BYC Café

Zip-locks work well for the smelly stuff in the car untill you find a legal dumping spot.
Scott
True! I wish my apartment neighbors in TN long ago would have known this..so many times we'd be sitting at the table looking outside and see chicken bones fly past our window - or sometimes a diaper or two. It was always interesting. Once they started with the cat poop I raised a war with them as I was pregnant at the time. They thankfully ended up getting kicked out.

And, if I forgot to mention, my folks live close enough and have agreed to take whatever we need to dump. ;) I'm sure they'll take a few eggs for trade!

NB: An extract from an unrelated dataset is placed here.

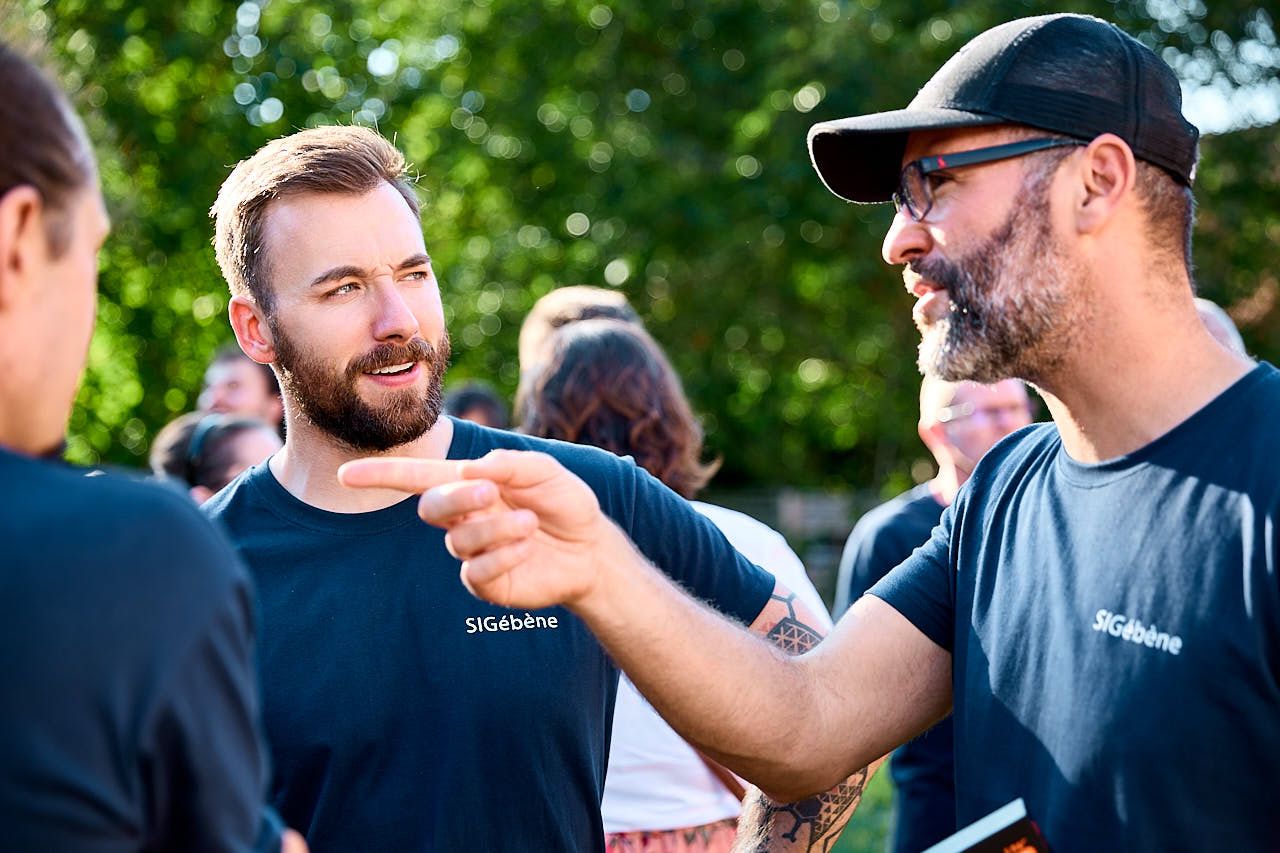 Photographe événement d'entreprise : Cocktail de fin de soirée lors du Team Building 2025 de SIG Ebene parc du Chateau de Nogent le Roi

Have a good Sat everyone - I'm insanely busy here for a little bit but wanted to pop in and say hello. Work is crazy due to some sort of Medicare deadline, plus all the storms in the East with slip and falls (I'm a medical transcriptionist with accounts mainly in the East).
 
Good Morning! What a long weekend, good but tiring. We have three days of gorgeous weather and because the sun angle is rising, the snow is melting fast. Yeah! I hope everyone is doing well and getting over their flu cruds.
 
You mean spring is arriving in the Rockies?
Or wet is arriving in the Rockies?
I have a cousin that lives in Denver and she sent photos of when she and her kids went camping in July. .. in a blizzard.
Nope, not me. Thanks, but I pass on the July blizzard thing.
 
You mean spring is arriving in the Rockies?
Or wet is arriving in the Rockies?
I have a cousin that lives in Denver and she sent photos of when she and her kids went camping in July. .. in a blizzard.
Nope, not me. Thanks, but I pass on the July blizzard thing.
lau.gif
Unless perhaps say hypothetically, that a person might have moved up to CO from the deserts of the SW in early July and she just might have been pregnant with her second kid which was due in August and the only thing she wanted for her birthday was to be cool, By golly that blizzard in July was awesome! ( In all fairness, my blizzard was at 10,000 ft in a picnic area, we were not camping...)
 
Good morning all.

Still quite warm here - around the 95F mark. But what I do notice are the shortening days. The chooks are noticing it too. They used to go to bed around 8.30pm but all of a sudden they are in bed by 7.15pm!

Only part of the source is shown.